Thoughts on how we spend our lives

I often ask my clients to consider how they want to spend their lives. Sometimes this leads to exploration of values or work or money, but the deeper conversations veer into a meditation on time. We measure everything through the lens of time. 

Time is our master. In our waking lives, we cannot conceive of anything outside of time. Our minds are always focused on the past, future, or present: in a state of reflection, seeking memories for comfort or lessons or regrets; or looking to the future, sometimes with optimism, but more often with anxiety and distrust. Rarely, but blissfully sometimes, we are in sync with the present moment. 

But in the main, we perceive time as a menace, or at best, the dog nipping at our heels. 

The only constant is time, and it’s finite. I don’t mean this specifically in the modern sense of overwhelm about how much there is to do in too little time, but generally as an existential reality. Our lives are short.  Every day each of us draws closer to the end of our time. For me, this is not terrifying or morbid; it’s a fact and an opportunity.

And, yet, I find myself outside of what I know about time. I hold myself to a dogged sense of purpose, to using my time to achieve, complete, or accomplish. Lately, as has been my way for the first 60 years of life, I have been trying to land on my next “thing.” Maybe I need to take more classes; maybe I need to evolve my coaching practice. My sense of responsibility, a crutch I can always lean on, leads me to believe I have more to do. But what if what I am “doing” now is just fine?

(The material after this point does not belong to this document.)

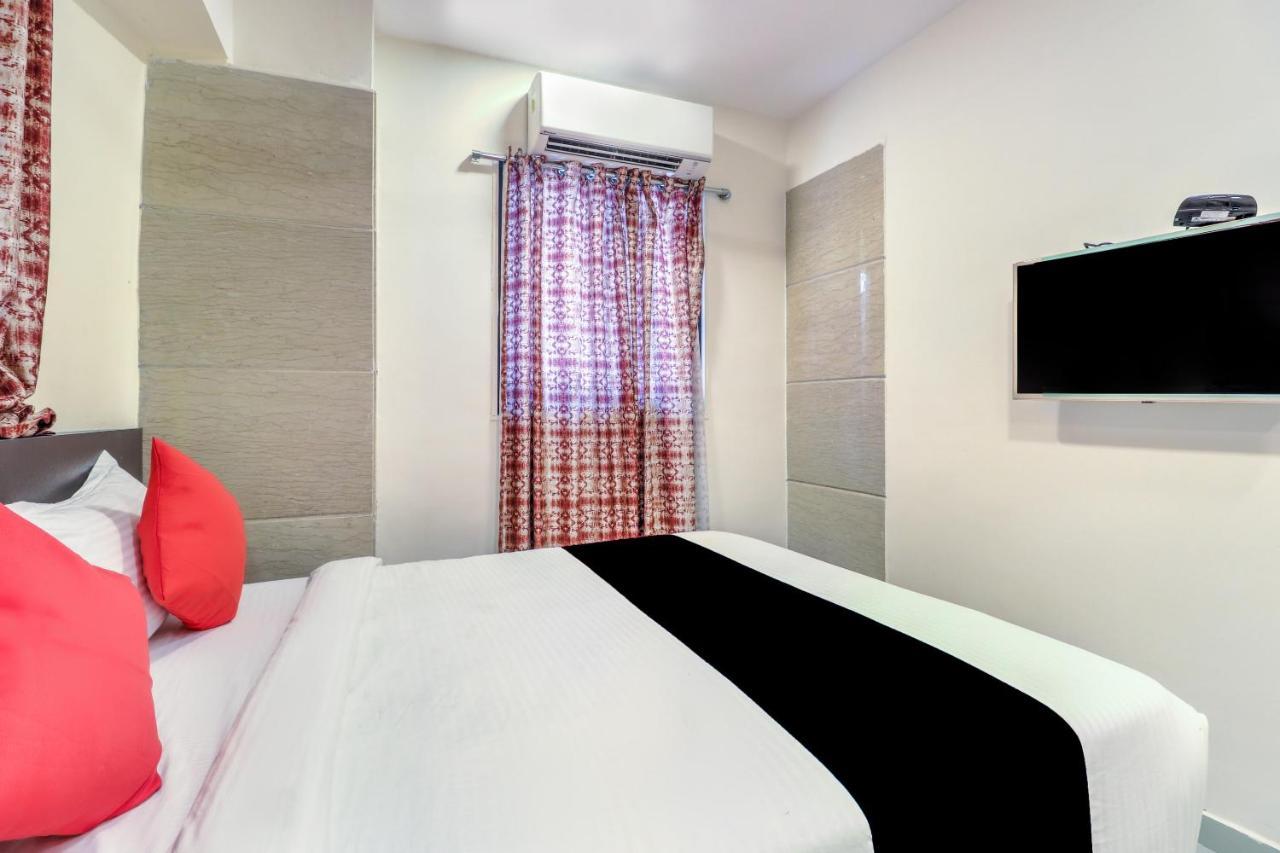 Hotel Crystal Inn Bombay Extérieur photo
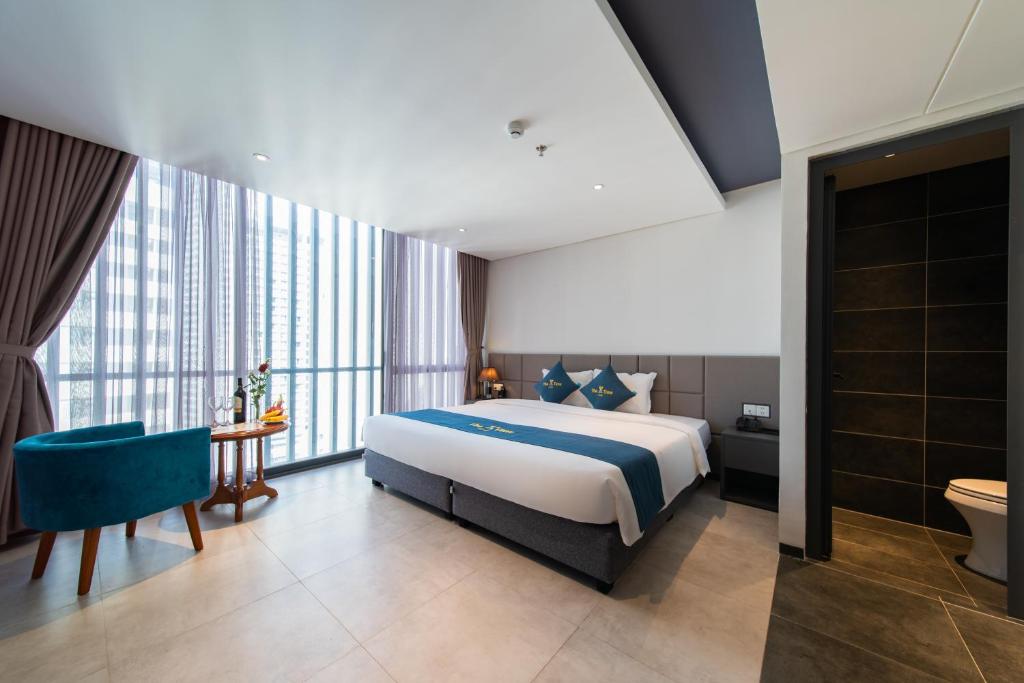 Giường trong phòng chung tại The Time Hotel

Better than fine, fulfilling. 

I tell myself that I should push myself to charge more, coach fewer people. I should take more of a leadership role in the coaching profession. I should network and promote and assert. 

But I don’t want to. 

I like coaching, mainly because it scratches my life long itch to discover what it is to be human. I think I have always believed this is the only gift our brief lives afford us. We are time travelers. Our journey may be filled with awe and wonder at the twists and turns and variety of life, humming along as we float through the cosmic version of the “Small World” boat ride. Or we may tend to step lightly, clutching ourselves in terror as we wander through the haunted house of a life filled with ghosts and chainsaw-wielding maniacs jumping out of the shadows at every turn.

So why have I allowed myself to fall victim to the dogs? 

In just six years, I have coached more than 1000 people. The sheer variety of experiences and cultures and personalities astounds me. I’ve coached 18 year old college students, young professionals, new parents, emerging leaders, CEOs, nurses and doctors, lawyers and engineers, shop stewards and salespeople, retirees. I held space for people grieving the loss of a job, a friend, a pet, a parent. I have connected deeply with trans and nonbinary youth, gay and bisexual women and men. I am daily trusted by people born or living on every continent ( save Antarctica), whose first language is not English, whose religions, cultures, family norms, and politics I would never have encountered without their trust in our ability to connect and make meaning together. Through it all, I believe that I have made the journey through time a little less scary and a little more meaningful, not only for my clients, but for me.